▸ Dataset section:
- - - -

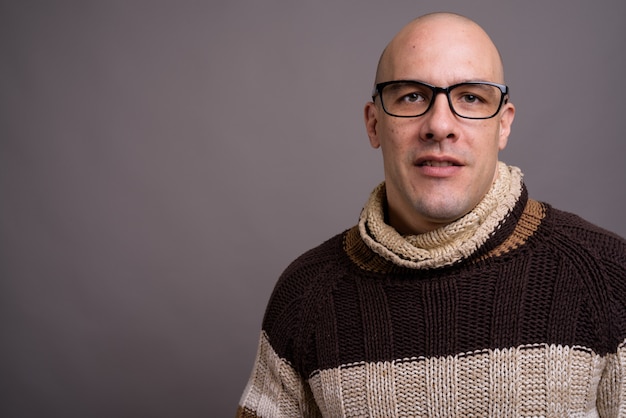 Portrait of handsome bald man against gray background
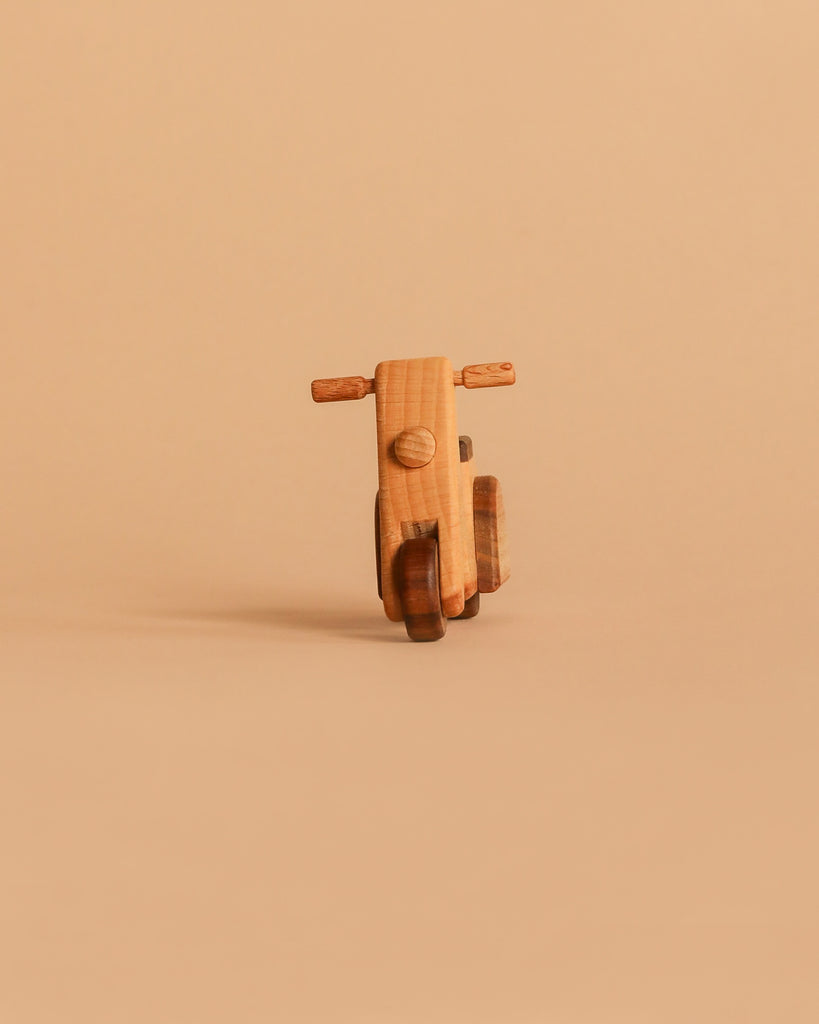 The Handmade Wooden Scooter, crafted from beech wood with a minimalist design, stands upright on a light brown surface against a matching brown background.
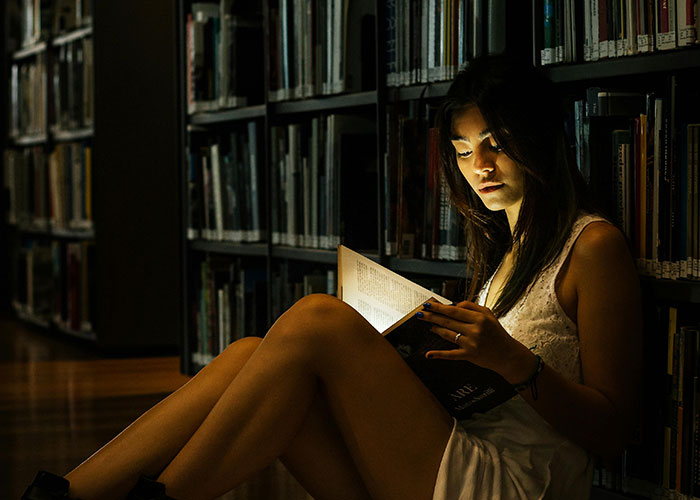 Young woman reading a book in a dimly lit library, illustrating indicators of a super smart person who hides it well.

- - - -

▸ What you have to do: Repeat each line of the material exactly, please, and skip every picture.

▸ Your solution:
 Portrait of handsome bald man against gray background
 The Handmade Wooden Scooter, crafted from beech wood with a minimalist design, stands upright on a light brown surface against a matching brown background.
 Young woman reading a book in a dimly lit library, illustrating indicators of a super smart person who hides it well.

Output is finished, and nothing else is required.